Rebecca: Yeah, I really appreciate that focus on sustainable work, sustainable systems, sustainable procedures, sustainable everything.

Kevin: Yeah, we’re not going to wellness app our way out of this.

Rebecca:I don’t think a wellness app is going to solve the fact that my daughter has been in 11 quarantines, and I’ve had to figure out how to manage all that. [LAUGHTER] I don’t think that’s gonna work.

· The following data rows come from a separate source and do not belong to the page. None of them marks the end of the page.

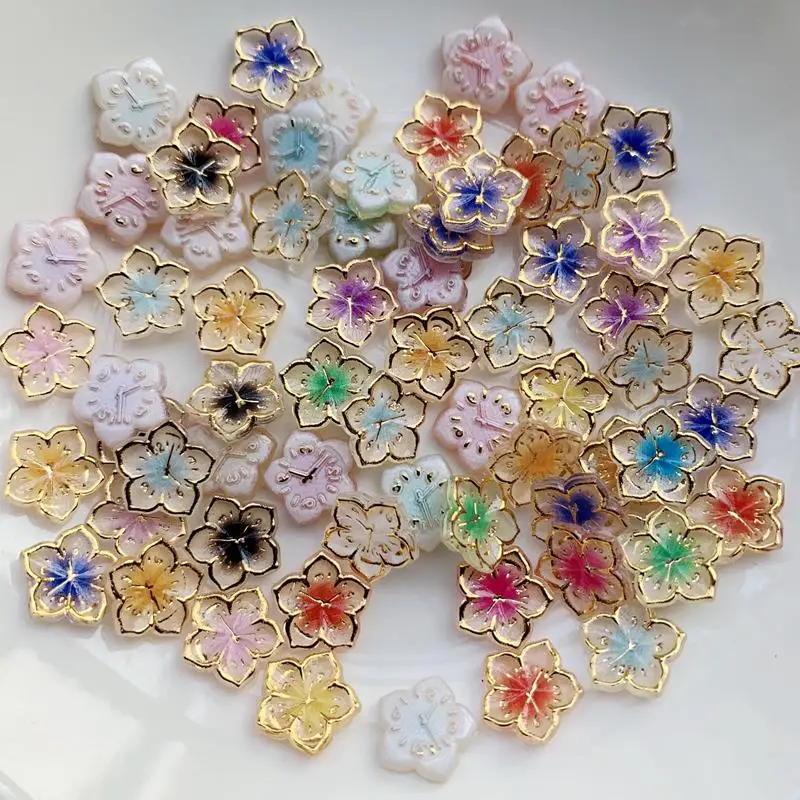 50pieces 10mm mixed spring color lovely resin new five petal flower flat back Cabochon DIY jewelry / craft scrapbook decoration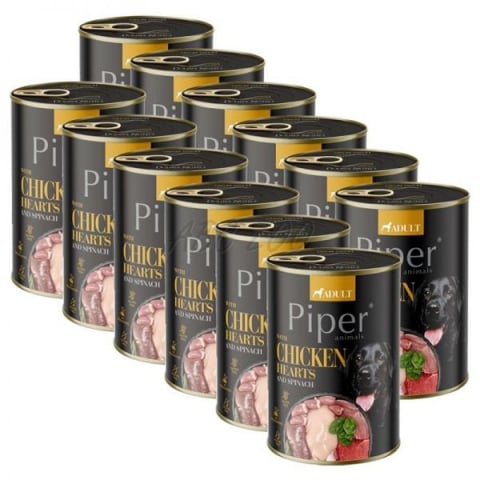 Conserve caini - Hrana umeda pentru caini Piper Adult conservă pentru câini cu inimi de pui si spanac 400 g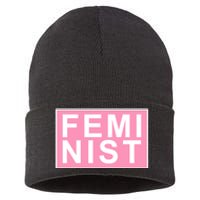 Feminist Pink Logo Sustainable Knit Beanie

Kevin: Mays Imad has written a lot about the collective trauma that we have all undergone as a result of COVID. And I think she’s spot on. And whether it was something that people felt directly or whether it’s the constant disruption, Rebecca, that you’ve been subjected to and your family has been subjected to, or even if it’s just the sort of I have seen all this other trauma unfold in my community, and in my friends, we’re all affected by that and to act as if that hasn’t been a thing, and to say, yes, we need to pay attention to self care this year, self care will be really important, and there are a lot of good wellness apps that you can download for your smartphone or tablet that will help you with this. Like, if that’s all you got, then what are you doing? if that’s what you tell your faculty and just sort of assume that they can pick up the rest from there. And you sit back and say, “Well, I’ve done my duty.” Oh, my gosh, no, not at all. But yet, that’s what’s happened in a lot of places. And that’s what worries me. There’s so much that’s tenuous right now, and so much feels unsettled and raw still. And there’s a sharp edge to so much of the exhaustion, that I worry about irrevocable consequences that come from trying to whistle past the graveyard about all this… which is super optimistic. I know, the guy who wrote a book on hope is talking about the impending collapse of higher education. But again, the things that we say we do in higher education, we’re critical thinkers, we’re sharp people, the capacity to reason our way through these problems. There’s so much capacity in our institutions and leaders of institutions who are not able to draw upon that collective capacity are failing their communities and their institutions. If any place is going to have the tools to work through some of these… Paul Hanstedt calls them the “wicked problems” that we face, right, if any institutions gotta have that, it’s got to be colleges and universities. Will we pick up the tool, though, is the question.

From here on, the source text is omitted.